**** Source data

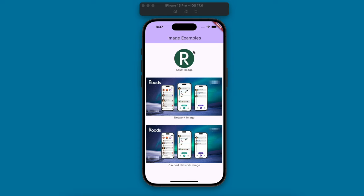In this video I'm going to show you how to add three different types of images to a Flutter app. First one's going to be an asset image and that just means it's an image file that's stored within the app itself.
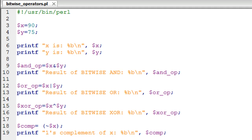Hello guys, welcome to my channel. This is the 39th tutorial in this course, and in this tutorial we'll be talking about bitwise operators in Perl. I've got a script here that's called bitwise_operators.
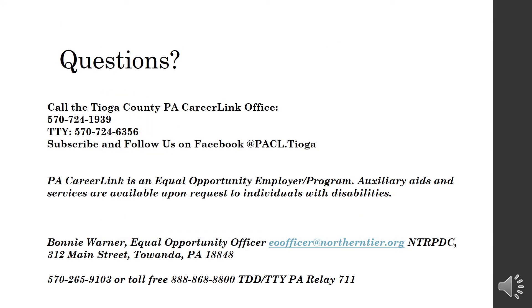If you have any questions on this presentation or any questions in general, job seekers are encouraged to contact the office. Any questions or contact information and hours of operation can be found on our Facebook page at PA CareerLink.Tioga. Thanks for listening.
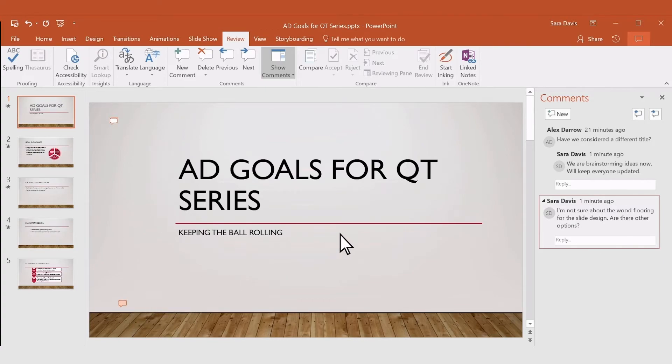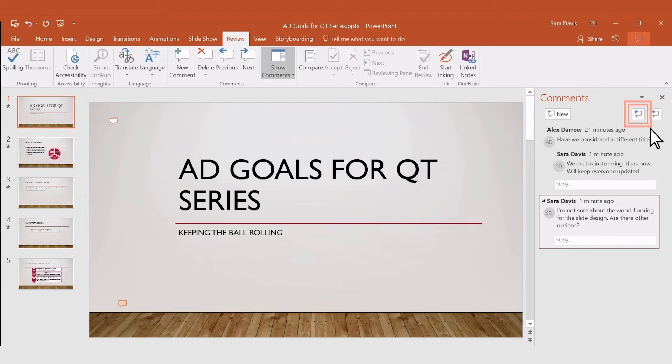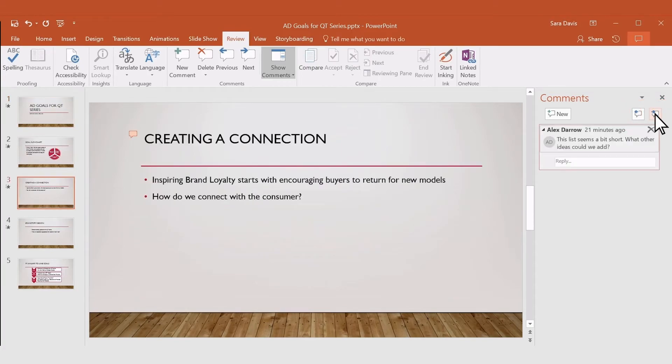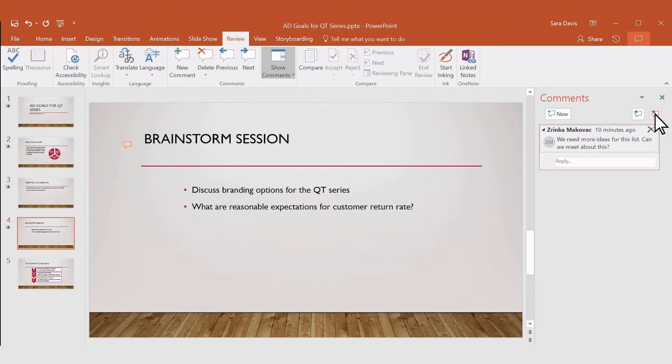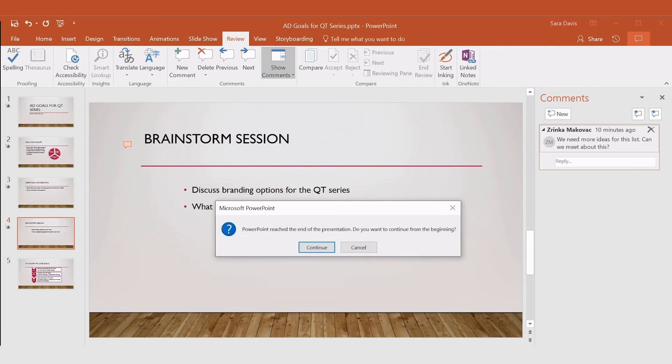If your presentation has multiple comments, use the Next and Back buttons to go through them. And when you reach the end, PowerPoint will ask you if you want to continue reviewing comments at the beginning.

********
**** Source data

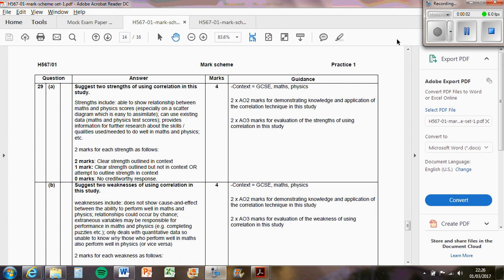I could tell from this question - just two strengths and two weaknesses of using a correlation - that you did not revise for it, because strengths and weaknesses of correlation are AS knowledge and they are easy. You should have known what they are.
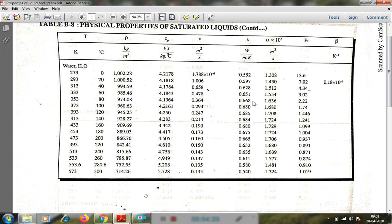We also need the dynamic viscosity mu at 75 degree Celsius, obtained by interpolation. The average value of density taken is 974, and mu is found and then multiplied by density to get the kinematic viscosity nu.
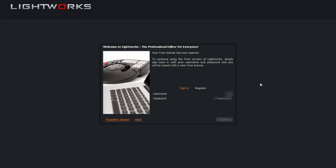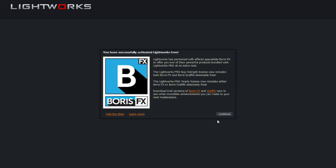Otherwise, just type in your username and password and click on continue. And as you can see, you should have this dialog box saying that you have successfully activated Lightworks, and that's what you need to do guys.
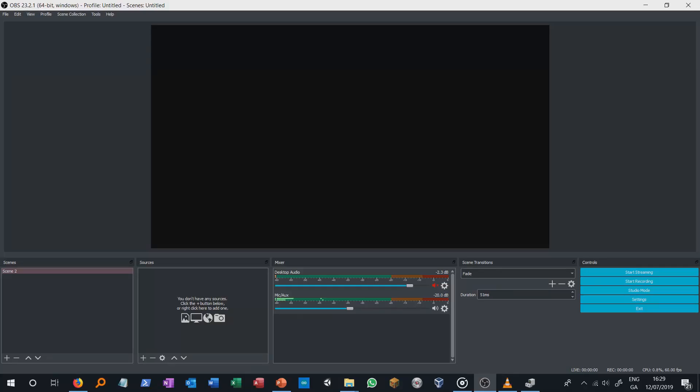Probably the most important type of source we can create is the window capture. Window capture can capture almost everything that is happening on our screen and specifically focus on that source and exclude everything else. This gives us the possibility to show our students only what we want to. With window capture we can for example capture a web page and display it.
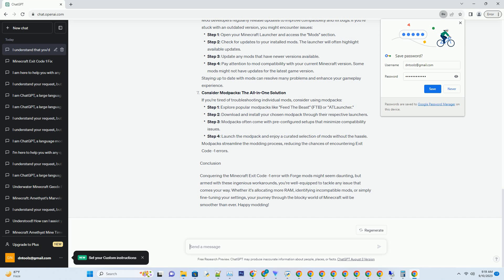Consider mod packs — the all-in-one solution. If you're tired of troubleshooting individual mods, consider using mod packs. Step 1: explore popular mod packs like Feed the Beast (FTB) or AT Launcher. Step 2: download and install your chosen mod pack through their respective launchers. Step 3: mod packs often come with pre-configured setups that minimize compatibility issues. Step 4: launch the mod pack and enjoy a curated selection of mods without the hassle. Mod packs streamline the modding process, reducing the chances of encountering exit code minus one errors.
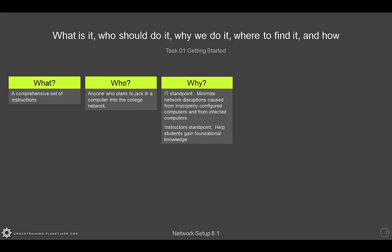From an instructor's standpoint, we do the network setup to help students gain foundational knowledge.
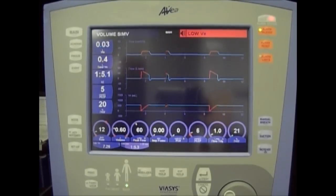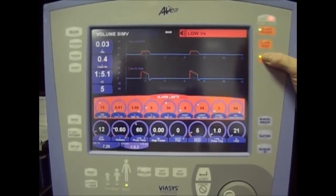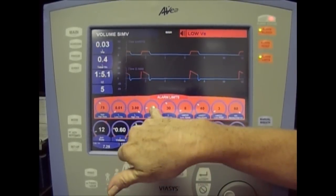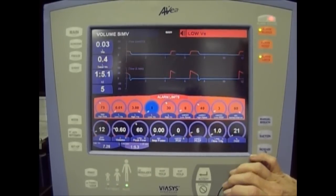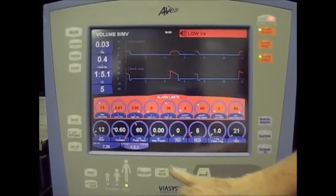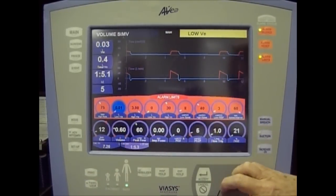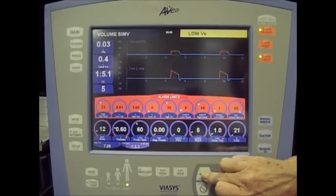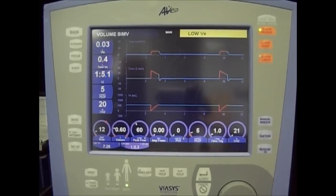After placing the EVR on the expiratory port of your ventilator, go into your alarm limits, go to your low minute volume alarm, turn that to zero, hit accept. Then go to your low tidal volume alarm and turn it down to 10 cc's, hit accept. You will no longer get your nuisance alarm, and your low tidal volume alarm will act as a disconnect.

********
**** Source data

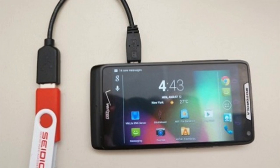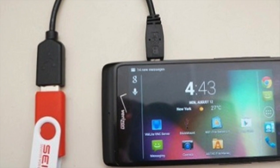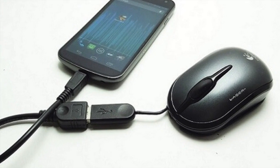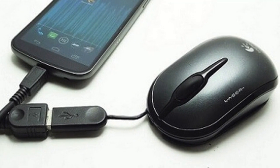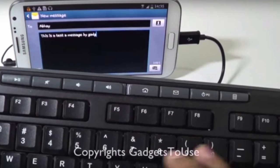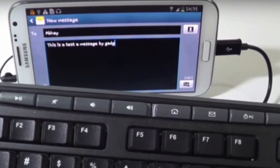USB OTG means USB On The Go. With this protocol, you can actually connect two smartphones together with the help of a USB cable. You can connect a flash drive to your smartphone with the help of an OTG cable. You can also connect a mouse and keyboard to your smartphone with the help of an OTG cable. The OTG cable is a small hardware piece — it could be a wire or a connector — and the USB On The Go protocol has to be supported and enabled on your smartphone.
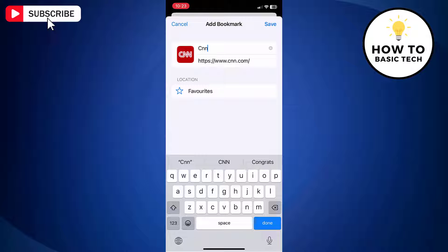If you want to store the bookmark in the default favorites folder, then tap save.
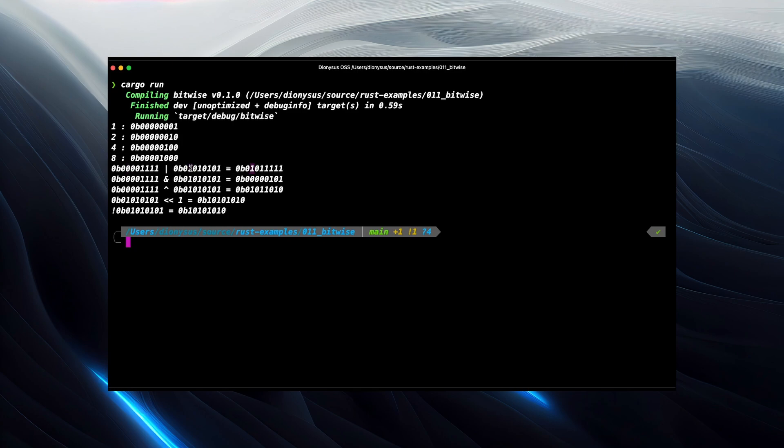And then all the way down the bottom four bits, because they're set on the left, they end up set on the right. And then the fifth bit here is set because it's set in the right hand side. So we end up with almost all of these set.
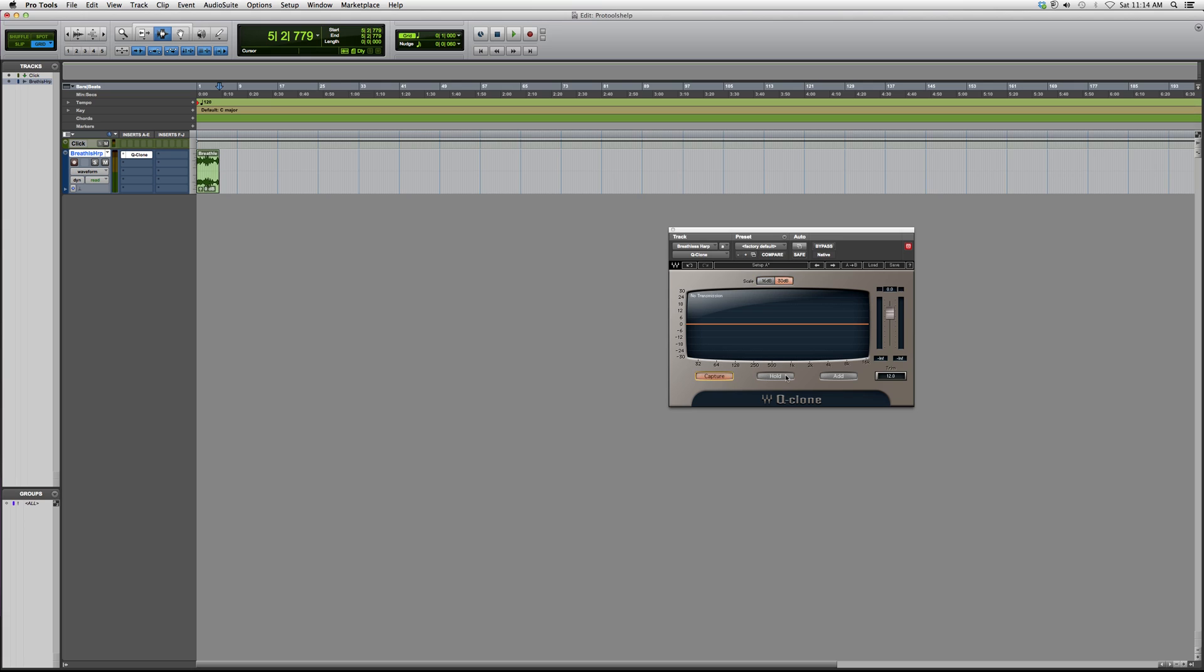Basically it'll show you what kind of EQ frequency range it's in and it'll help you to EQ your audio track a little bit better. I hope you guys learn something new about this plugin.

********

**Work order**
The lines above starting at the one that holds "In this video" and ending at the one that holds "If your presentation" are to be written out exactly, ends included, and no pictures are to be copied.

**Result**
In this video I'm going to show you how to add three different types of images to a Flutter app. First one's going to be an asset image and that just means it's an image file that's stored within the app itself.
Hello guys, welcome to my channel. This is the 39th tutorial in this course, and in this tutorial we'll be talking about bitwise operators in Perl. I've got a script here that's called bitwise_operators.
If you have any questions on this presentation or any questions in general, job seekers are encouraged to contact the office. Any questions or contact information and hours of operation can be found on our Facebook page at PA CareerLink.Tioga. Thanks for listening.
If your presentation has multiple comments, use the Next and Back buttons to go through them. And when you reach the end, PowerPoint will ask you if you want to continue reviewing comments at the beginning.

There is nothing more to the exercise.